Amiga : l’ordinateur qui ne voulait pas mourir

Attention, cet article suinte la nostalgie, à manipuler avec précaution ! Nous allons y parler émulation, documentaire(s) et passion. Car contre vent et marée, l’Amiga continue de fédérer autour de lui une activité hors norme pour une plate-forme dont le premier cri remonte à 1985, et le dernier râle d’agonie à 1996, avec l’arrêt de la production des machines officielles. Depuis, des sociétés et des fans de tout bord continuent de faire vivre ce nom mythique de la micro-informatique moderne. Certains font évoluer AmigaOS, d’autres s’acharnent à vouloir sortir des machines “compatibles” modernisées, mais les plus pragmatiques se contentent de souffler sur les cendres des machines de Commodore, en racontant l’histoire de leur création ou en prenant soin de garder leur logithèque accessible grâce à la magie de l’émulation. C’est cette frange “raisonnable” de passionnés qui nous intéresse aujourd’hui.

A500 Full Setup

L’Amiga aura marqué les années 80 et le début des années 90 comme aucune autre machine. L’Amiga 1000 de 1985 était le premier ordinateur multitâche de la planète, un concept révolutionnaire pour l’époque. Mais l’idée de ce papier n’est pas de paraphraser l’excellente page Wikipedia linkée plus haut, mais de faire le tour des projets qui bougent encore autour de cette machine, pour renseigner tous ceux qui gardent un oeil sur la marque, par nostalgie ou simple curiosité. Si vous êtes sages, je ferai l’effort de vous scanner ma première interview “ever” : c’était avec RJ Mical, le créateur de l’interface graphique d’AmigaOS (Intuition), en aout 1994… Surveillez les commentaires ! Et pour ceux qui veulent vraiment tout connaitre de l’histoire de cette machine, il ne faut pas rater “History Of The Amiga”, chez Ars Technica, qui résume dans sa première partie, en une phrase, le drame de cette machine :

The Amiga computer was a dream given form: an inexpensive, fast, flexible multimedia computer that could do virtually anything. It handled graphics, sound, and video as easily as other computers of its time manipulated plain text. It was easily ten years ahead of its time. It was everything its designers imagined it could be, except for one crucial problem: the world was essentially unaware of its existence.

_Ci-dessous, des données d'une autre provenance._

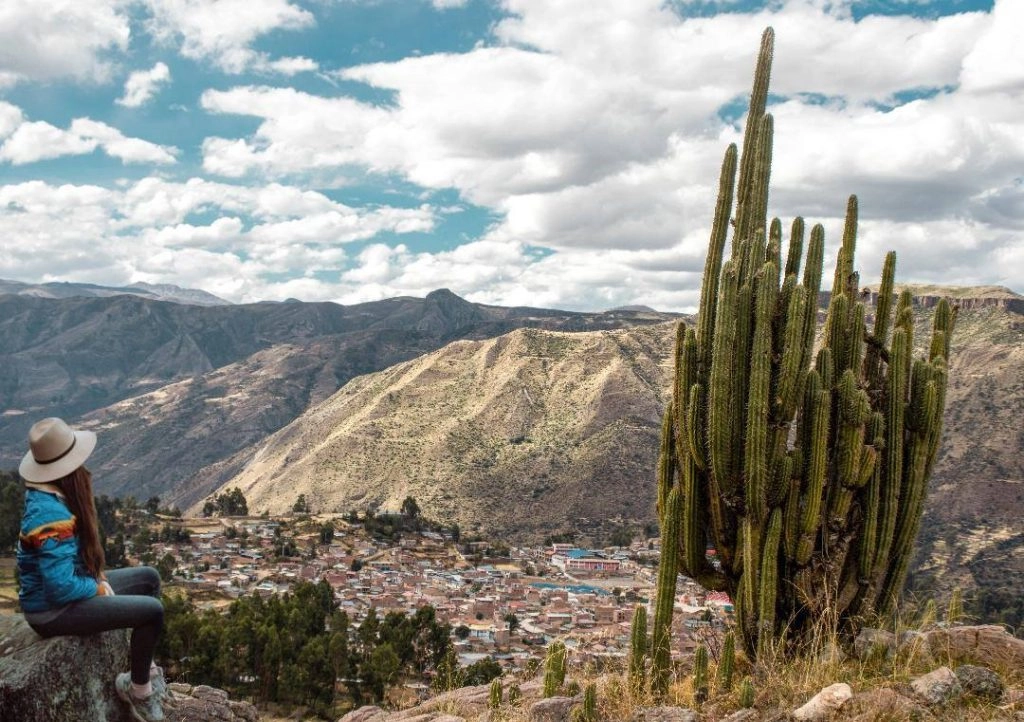 Huancasancos - Detalle 1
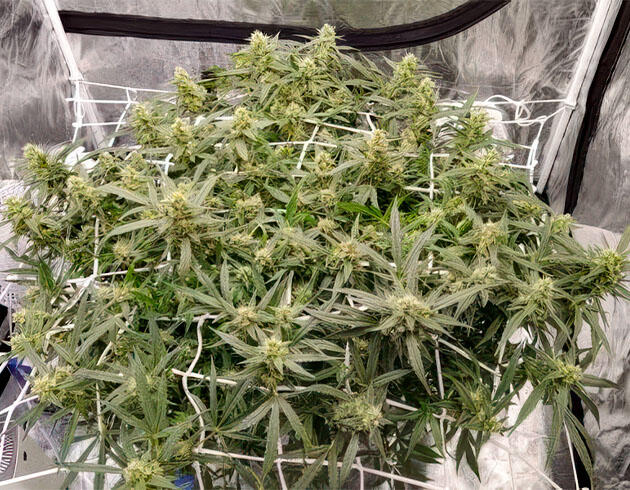 Конопля под сеткой скрог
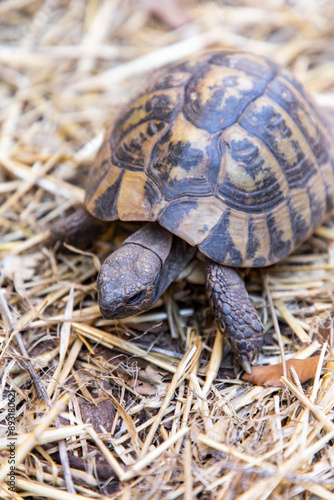 Testudo horsfieldii. Agrionemys horsfieldii. Turtle on the ground. Plant-eating reptile.  A herbivorous reptile. Testudinidae. Testudo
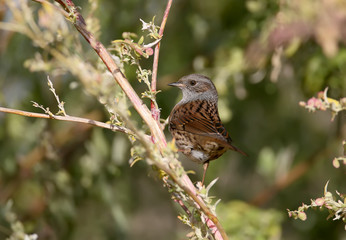 The dunnock (Prunella modularis) sitting on branch of bush in soft evening light. Closeup view. .The identifications signs of the bird and the structure of the feathers are clearly visible.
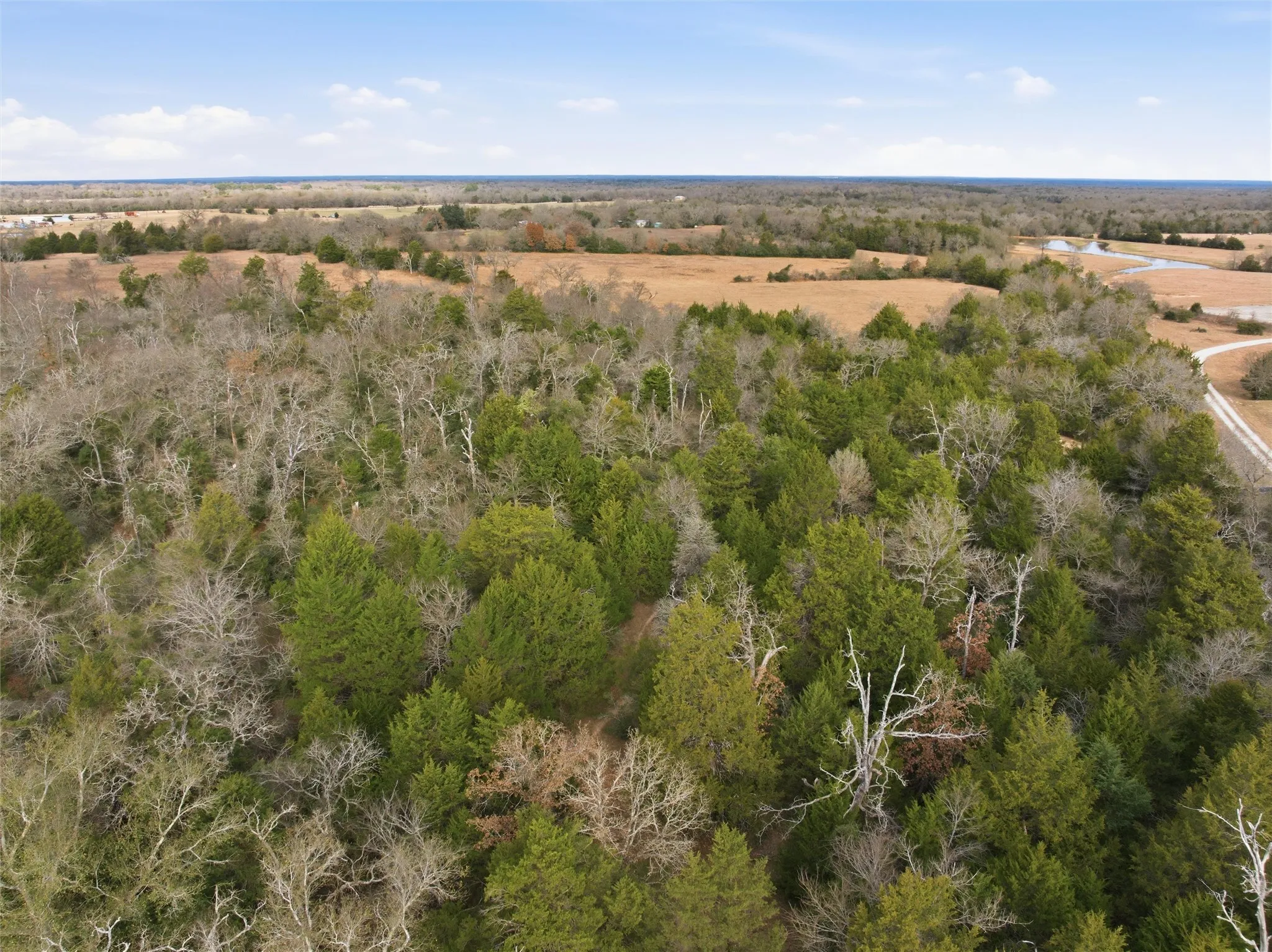 Unimproved Land For Sale in Limestone County , TBD LCR 762, Groesbeck, Texas 76642, 0, 0, Garage spaces, 0 Sqft, built in 0, mls#21153000, Real Estate Agent in Groesbeck, Homes For Sale in Limestone county, Homes For Sale in Groesbeck, Realtor in Groesbeck Texas, Real Estate Brokerage Independent Realty Texas, Luminita Cordes Realtor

(L’Amiga était la matérialisation d’un rêve : un ordinateur multimédia flexible, rapide et peu coûteux qui pouvait faire pratiquement n’importe quoi. Il manipulait graphismes, sons et vidéo aussi facilement que d’autres ordinateurs de son temps manipulaient du texte brut. Il avait facilement dix ans d’avance. Il était tout ce que ses concepteurs avaient imaginé, à un détail près : le monde n’avait aucune idée de son existence.)

Les documentaires

Ce problème de communication, allié à l’incompétence et – disons-le – la malhonnêteté de certains dirigeants de chez Commodore, brisera tout rêve d’imposer l’Amiga comme une alternative durable aux IBM PC et autres Macintosh. Cette épopée est maintenant retracée dans un documentaire qui doit son existence à Kickstarter. “Viva Amiga: The Story Of A Beautiful Machine” contient des interviews des ingénieurs de l’époque et est disponible sur pratiquement toutes les plates-formes de streaming du marché.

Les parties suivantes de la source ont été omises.